The Human Microbiome Project charted the bodily whereabouts of thousands of bacteria, including this gut microbe, Enterococcus faecalis.

CREDIT: U.S. CENTERS FOR DISEASE CONTROL AND PREVENTION

Though perhaps less contemplated than the navel, the inside of the elbow seems nonetheless comfortingly familiar. Don't be fooled. Our bodies are home to trillions of microbes, and that patch of skin hosts an invisible ecosystem whose microbial members were virtually unknown until now. This week, a consortium involving 200 investigators from a variety of disciplines describes that elbow-dwelling microscopic community as well as more than a dozen others as part of the most thorough look ever at the microbial world on and within us.

By the time it is completed next year, this Human Microbiome Project (HMP) will have spent $170 million cataloging the microorganisms—and to a lesser extent, their genes—that live on 18 human body sites, sequencing 3000 relevant bacteria, and determining differences between the microbiomes of healthy and unhealthy people. “It's a great framework, reference, and tool to really understand the microbiome,” says microbial ecologist Maria Gloria Dominguez-Bello of the University of Puerto Rico in San Juan.

The U.S. National Institutes of Health (NIH) started HMP in 2007 to jump-start a young field. When the effort was first conceived, researchers had hopes of generating a reference healthy microbiome, on par with the reference human genome, that the community could use to assess the role of microbes in health and disease. Two reports this week in Nature and 15 others in PLoS ONE and other journals, all from the HMP consortium, speak to the naïveté of that idea. “There's not a single reference human microbiome that we can compare everybody to,” says George Weinstock, an HMP researcher at Washington University in St. Louis in Missouri. “You can have two healthy people whose microbiomes are fairly different.”

The research released this week comes just as NIH is debating whether to launch an HMP follow-up and European nations are considering a successor to their own ambitious human gut microbiome effort, Metagenomics of the Human Intestinal Tract (MetaHIT) (Science, 8 June, p. 1246). For the HMP studies just published, researchers took samples from more than a dozen body sites covering the skin, nose, mouth, and gut in 242 healthy people. (In men, 15 sites were sampled, in women, an extra three in the vagina.) They excluded participants with any signs of illness, even minor gum disease, as they wanted to get a sense of what a healthy microbiome looks like. Some people provided up to three samples over a 22-month period to assess whether their microbiomes were stable over time. In each sample, the researchers probed for copies of a DNA sequence, the 16S ribosomal subunit, that is used to identify organisms. And in 1300 of the 11,000 samples, they sequenced all DNA present to get a sense of what genes were at a particular body site.

Spice of life.

The different body sites studied by the Human Microbiome Project show extensive variety in their community compositions.

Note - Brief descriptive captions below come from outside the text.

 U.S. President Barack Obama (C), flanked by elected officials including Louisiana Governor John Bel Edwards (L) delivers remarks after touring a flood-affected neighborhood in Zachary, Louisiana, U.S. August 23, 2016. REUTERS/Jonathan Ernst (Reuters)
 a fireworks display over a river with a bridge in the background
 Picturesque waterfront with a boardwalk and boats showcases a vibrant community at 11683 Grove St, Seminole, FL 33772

CREDITS (TOP TO BOTTOM): NIH MEDICAL ARTS AND PRINTING; (INSET) UNITED STATES DEPARTMENT OF AGRICULTURE

HMP to date has generated 3.5 terabases of data, more than 1000 times the amount produced by the original Human Genome Project. “HMP is about the same size [as] all the previous microbiome studies put together,” says Curtis Huttenhower, a computational biologist at Harvard School of Public Health in Boston. “No computational methods existed to analyze that scope of data.”

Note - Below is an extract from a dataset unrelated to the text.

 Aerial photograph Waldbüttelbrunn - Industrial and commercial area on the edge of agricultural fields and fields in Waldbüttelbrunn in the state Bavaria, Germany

“It's an impressive data set,” adds Dusko Ehrlich, who coordinates Europe's MetaHIT, whose results were published last year.

Despite the lack of a clear-cut reference of a healthy microbiome, some patterns have emerged from the HMP data. They provide “dramatic and gratifying degrees of support for what were just some early and tantalizing leads” about our microbial partners, says David Relman, a microbiologist and infectious diseases clinician at Stanford University in Palo Alto, California, who is not part of HMP.

For one, no two microbiomes are alike. “There is a personalization of the microbiome that takes place in every individual,” says HMP investigator Barbara Methé, a microbial ecologist at the J. Craig Venter Institute in Rockville, Maryland. There's also an incredible diversity of life across the body of each individual. The microbes on the forearm are starkly different from those on the teeth and equally different again from those in the gut or in the vagina.

Yet there are similarities across different people in, say, the forearm microflora, indicating that our microbial partners are not randomly distributed. Each body site had a few core or “signature” bacteria living there, with characteristic genes linked to that particular body site. “Different parts of the body see different configurations of organisms,” Methé says.

Once they established the community makeup of each body site using the 16S data, the HMP researchers examined whether any of the microbes were known pathogens hiding out on or in the healthy subjects. They found no 16S genes from deadly germs such as those that cause cholera or botulism. But lurking in some places in some people were about 100 opportunistic pathogens, microbes that are known under certain circumstances to become dangerous. For example, they confirmed previously discovered hideouts of Staphylococcus aureus, infamous for having antibiotic-resistant strains: 30% of the subjects had this bacterium in their noses and 5% had it behind their ears. And they discovered hideaways of other less-well-known pathogens, Huttenhower says, such as Gardnerella vaginalis, Haemophilus influenzae, and Treponema denticola.

For a subset of the body samples, the researchers went beyond simply doing 16S identification of the microbes present. They fully sequenced most of the sample's DNA, trying to reveal the full array of genes available to microbes. Huttenhower and his colleagues assigned those genes to various cellular or metabolic pathways and thus were able to reconstruct how these microbes were functioning on the body.

That analysis revealed that even if the specific microbes present differ between body sites, core sets of microbial functions are shared by those sites. At each one, “the bugs are very different but the pathways are very similar,” Huttenhower says. “If you go to different cities, you have different people with different last names and different backgrounds, but every city has people who are the bankers and the people who run the subway.”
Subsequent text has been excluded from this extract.